What the task asks
All lines at and after the one containing "Первый год жизни", up to the end of the listing below, are to be printed exactly, with the pictures omitted.

● ● ●

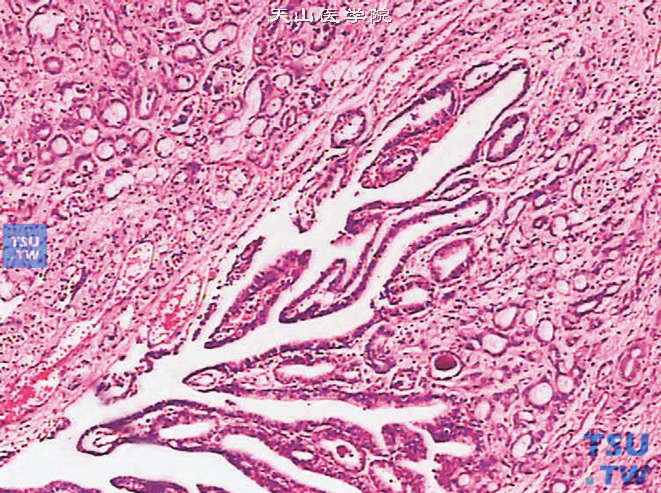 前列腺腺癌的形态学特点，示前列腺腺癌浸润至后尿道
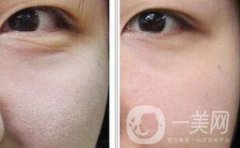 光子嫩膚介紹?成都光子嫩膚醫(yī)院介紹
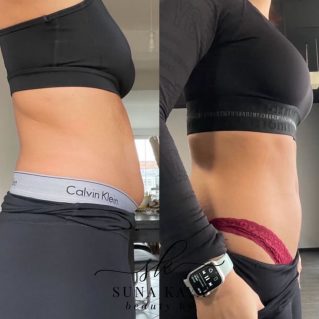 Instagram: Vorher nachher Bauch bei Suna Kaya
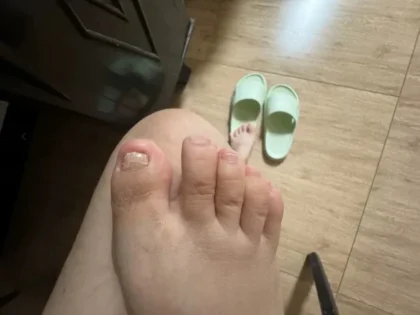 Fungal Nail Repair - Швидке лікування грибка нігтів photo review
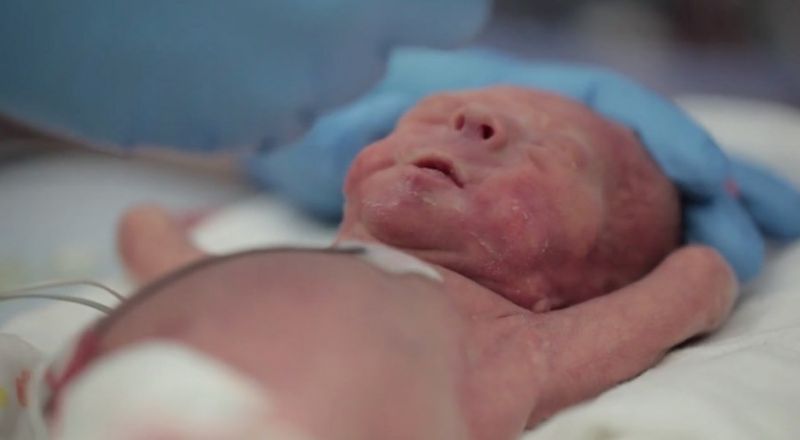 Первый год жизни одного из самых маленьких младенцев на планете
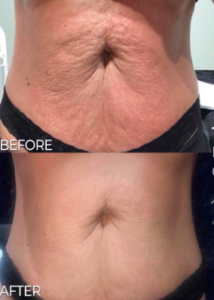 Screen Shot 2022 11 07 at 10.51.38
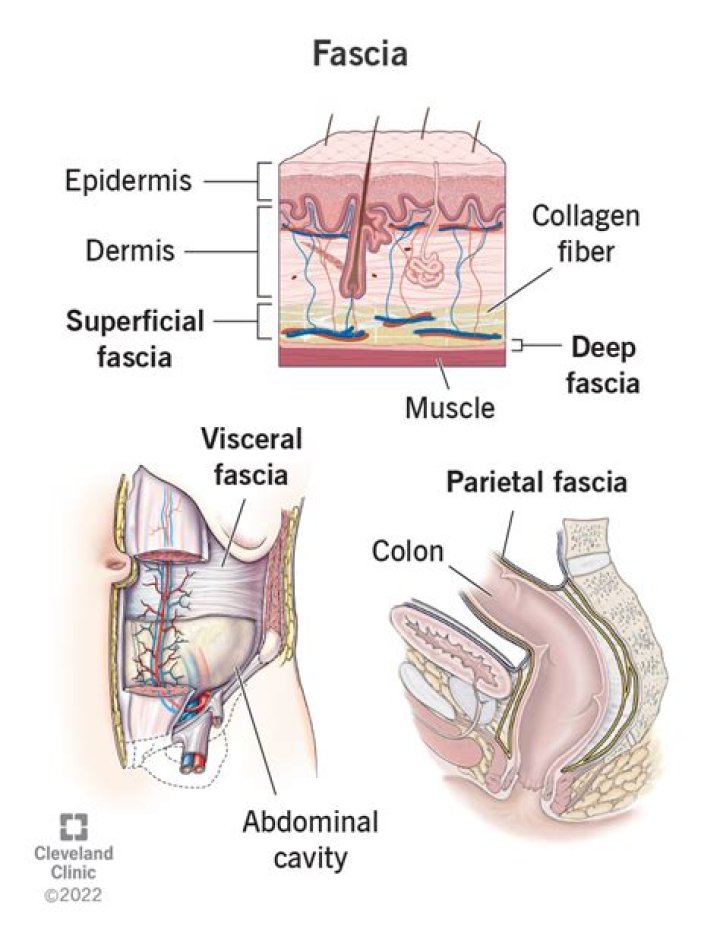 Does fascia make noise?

● ● ●

Answer for this exercise
 Первый год жизни одного из самых маленьких младенцев на планете
 Screen Shot 2022 11 07 at 10.51.38
 Does fascia make noise?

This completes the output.